The porno-ization of America continues as Silhouette Productions announces its plan to produce a 7-episode reality show in which 28 women compete for a contract with an adult film distributor. Among the judges? Former gubernatorial candidates Mary Carey and Cruz Bustamente. (Just kidding; even the porn industry refuses to touch Cruz after his loss to Arnold!)

"It's like 'Paradise Hotel,' when they go behind the scenes," said Silhouette CEO Harry Feingold, "Everybody wants to know what's going on.

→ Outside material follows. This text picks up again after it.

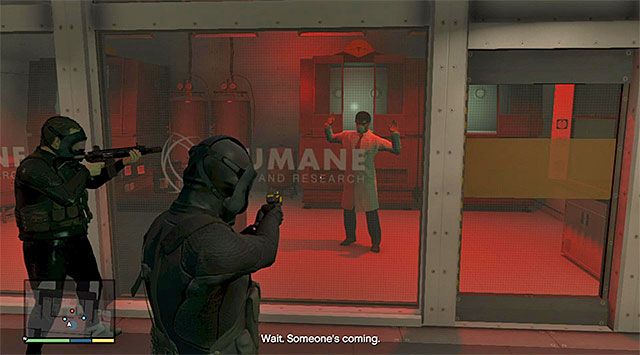 The room with the toxin in it - 56: Monkey Business - Main missions - Grand Theft Auto V Game Guide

Well, here you see it."

There are two important questions:

1. Have we been able to beat the Roman Empire for decadence yet?
2. Will Fox take up the challenge to its sleaze crown and in fact launch a hardcore pornography channel, as joked about on the Simpsons?
The Latest Social Networking News

One of my sources reports that Reid Hoffman's LinkedIn just raised its first round of outside financing. Stay tuned for the details.

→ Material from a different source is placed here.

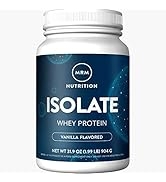 MRM Nutrition Isolate Whey Protein | Vanilla Flavored | 24g Protein | Added BCAAs + Glutamine | w...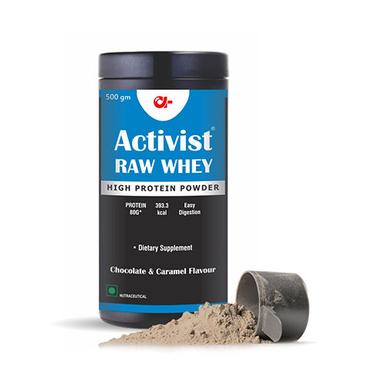 Activist Raw Whey High Protein Powder Chocoate Caramel 500G Efficacy: Promote Healthy & Growth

Tuesday, November 04, 2003


Simpsons fan Rob Baur has actually grown a tomacco plant by grafting a tomato plant onto a tobacco plant. The result: a tomato that's full of nicotine.

While the Simpsons episode ended with the destruction of the sole surviving tomacco plant in a fiery helicopter crash, perhaps this miscegnation story will have a happy ending. In the future, millions of smokers will fidget nervously as they await their tomacco pasta, tomacco pizzas, and tomacco bruschetta!

(courtesy of Slashdot)

Monday, November 03, 2003

Add an inch, add a yard

It's amazing how much one's perspective depends on context. You'd never pay $3 for a bottle of water, but when you're at a football game on a hot day, all of a sudden the price is right. This weekend, I was at a friend's bachelor party. I spent some $150 over the course of the weekend--an enormous amount for a fellow who hates to even pay for his own lunch, but once I committed to spending $100 or so, the remaining $50 came pretty easily.

I suppose this is the same principle behind selling "accessories" with new cars.